It is a question much in the air as a new biography of Marx, by French polymath Jacques Attali, argues that Marx was a free-marketeer and a prophet of globalisation. This comes on the heels of Marx's unexpectedly comprehensive win in Radio 4's search for the Britain's favourite philosopher last year. The profile of Karl himself couldn't be higher. But that of the explicitly Marxist intellectual is shrivelling. As Marx is rebranded as economic analyst and philosopher whatever happened to his call for workers of the world to unite – and change it? In this issue we feature a number of leading figures who, after rising to prominence as thinkers, dissenters and debunkers, with a fully-acknowledged allegiance to Marxist ideas, now appear to be struggling to find a voice and a role in a transformed world.

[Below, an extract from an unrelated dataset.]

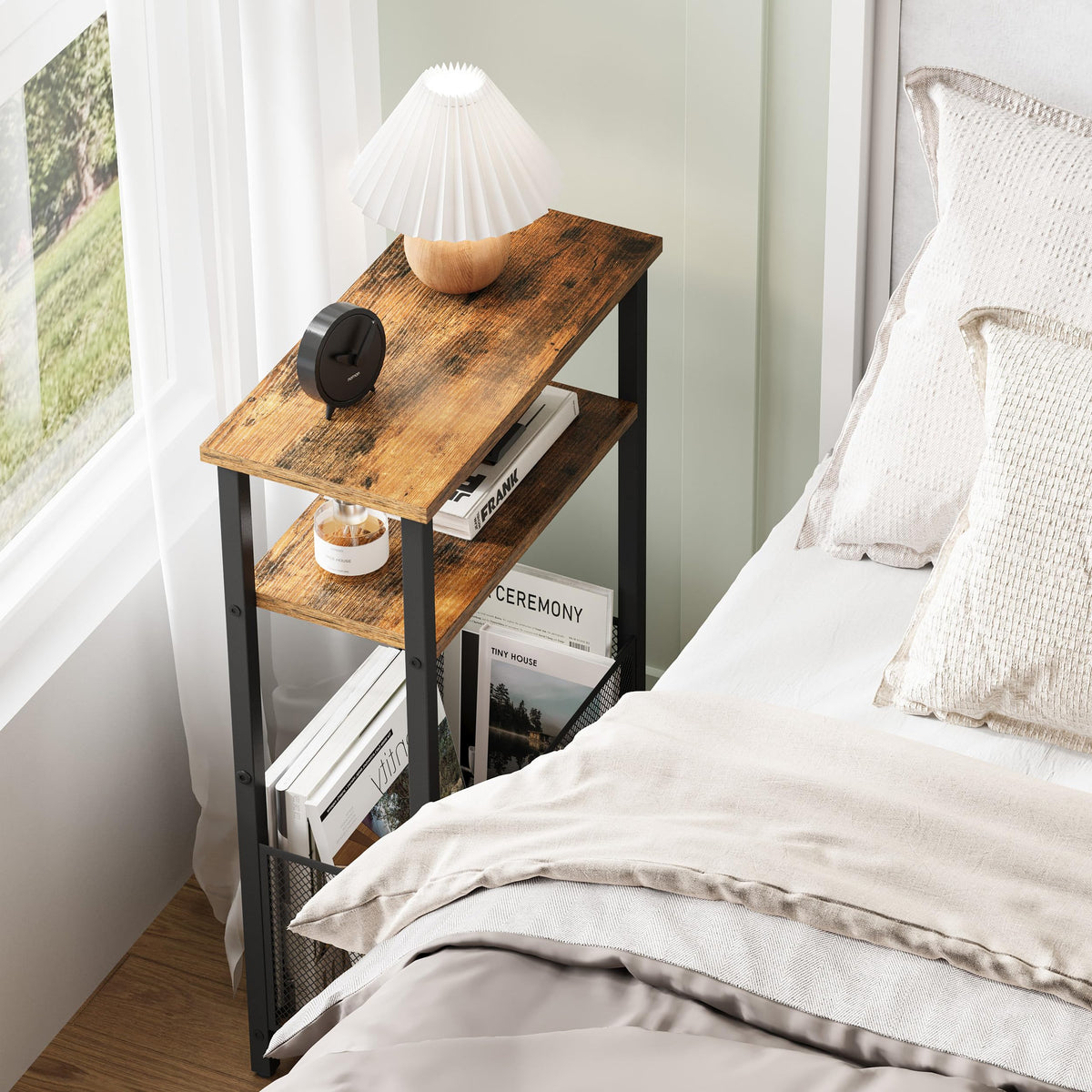MMEOLUOOK narrow side table with adjustable feet on uneven floors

For more than four decades, Professor Stuart Hall has been revered as one our most ingenious and creative academics. Whether it was devising the tools by which to decode the media, long before media studies existed, presiding over the vastly influential Birmingham School of Cultural Studies, or explaining the significance of psychoanalysis and post-structuralism, he has long been regarded as one of the finest minds and communicators of his generation. And through it all he was a Marxist. Now he feels disillusioned by the way the world has turned. But he is still a Marxist. On page 14 he tells Laurie Taylor why.

Sociologist and cultural critic Perry Anderson, founder of New Left Review and in-house inspiration for a whole cadre of the left, also seems to be grappling with a void. In his review of Anderson's new book of essays Stephen Howe finds another mighty Marxist intellectual nonplussed by events, but still holding his own.

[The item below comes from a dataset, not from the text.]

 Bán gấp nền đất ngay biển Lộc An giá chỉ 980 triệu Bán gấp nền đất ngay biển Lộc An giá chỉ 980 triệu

It's not just progressive thinking that is under siege. So is rationalism, according to David Katz who, in our cover story (page 10), chillingly reports that It's not just a few cults and extremists who have developed fanciful notions about how and when the world will end. It's powerful leaders, east and west – who also have the means to make it happen.

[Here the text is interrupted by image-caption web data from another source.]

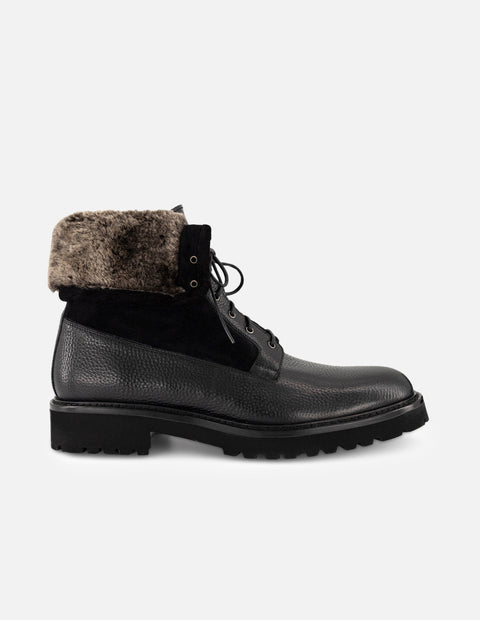 Botines negros para hombre con acabado tipo sherpa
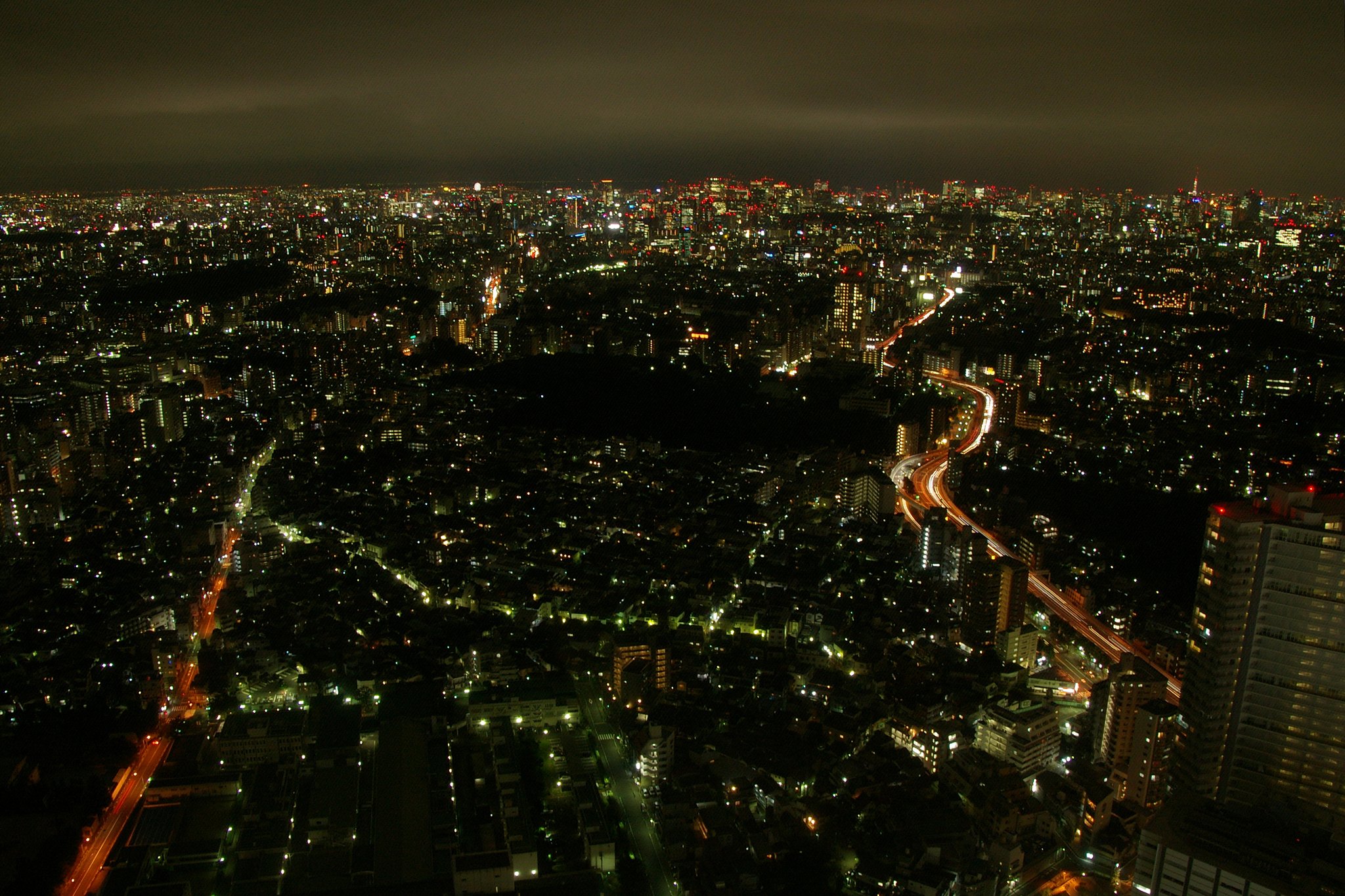 東京の夜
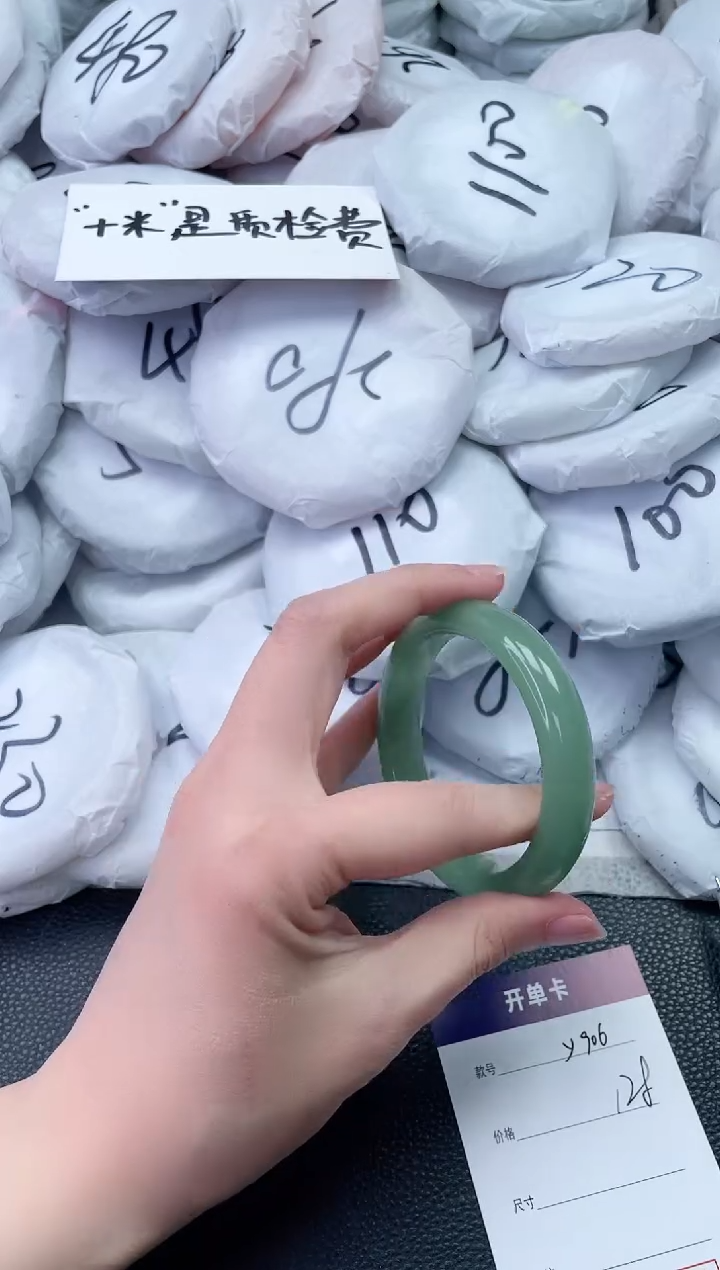 【闪购商品】石英质玉手镯未镶嵌Y906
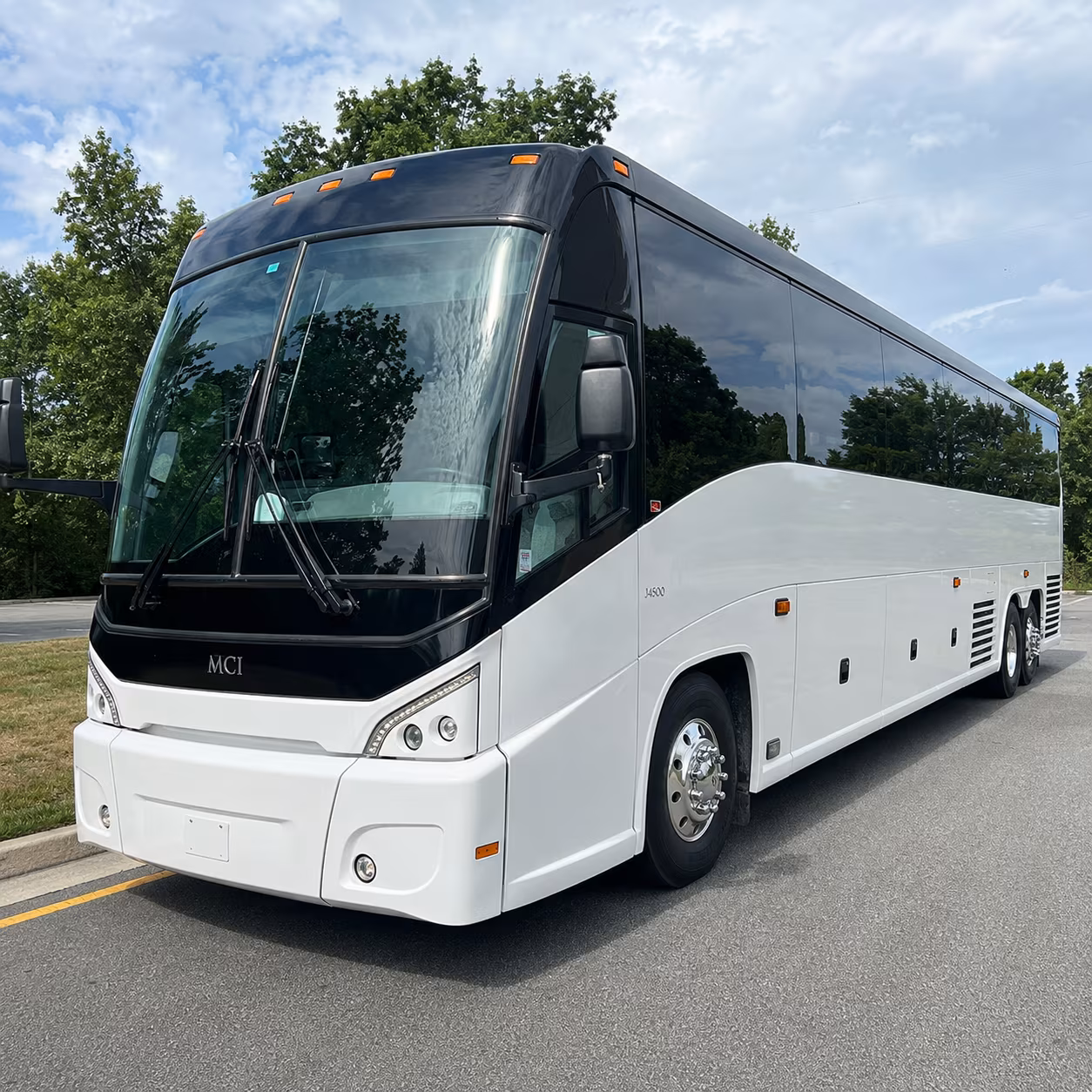 shuttle buses to dos equis pavilion and deep ellum venues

The rise of fundamentalism – what Stuart Hall calls the 'revenge of culture on modernity' – is just one of the pressing contemporary issues which has have blindsided theoretical Marxism and the left in general. The times demand new methods and new approachs. Where are they? But it's not all doom and gloom. In a rousing call to arms, Stephen Eric Bronner (page 24) urges the progressive left to reclaim Enlightenment values – a radical ethos – which is in danger of being hijacked by neo-Conservatives in America. There is a note of stirring optimism in Bronner's argument which marks it out rather sharply from the melancholic tone we are hearing from European intellectuals.

And there's more optimism this issue as we celebrate high humanist culture. We mark the anniversary of Samuel Beckett's birth with a reconsideration of his morbid genius. Beckett may not normally be hailed as a tonic to the human spirit, but Nina Power's refreshing reassessment finds hope among the garbage cans and in the tenacity of his cast of sufferers and survivor. In the centre pages Hugh Pearman takes us on an authoritative tour of architectural Modernism. Though its socialist utopianism may now seem outmoded, the desire to create a rational world, uncluttered by the baggage of the past, is enough to uplift even the most weary atheist soul.

A date for your diaries. In collaboration with the Institute for Public Policy Research we are holding a conference, on March 21, on religion and politics called 'State of Faith'. In addition to a keynote speech by Home Secretary Charles Clarke it will feature Stephen Eric Bronner, Jonathan Rée, David Aaronovitch and Bhikuh Parekh. It's free but you need to reserve a place – you'd be very welcome to join us. See page 43 for details.

As we go to press we hear the sad news of the death of Linda Smith, comedian, president of the British Humanist Association and honorary associate of the Rationalist Association. Linda combined a delicious and sometimes wicked sense of humour with a real appetite for life. Not only was she one of the country's most successful comedians, she also found time to be a tireless advocate for humanism.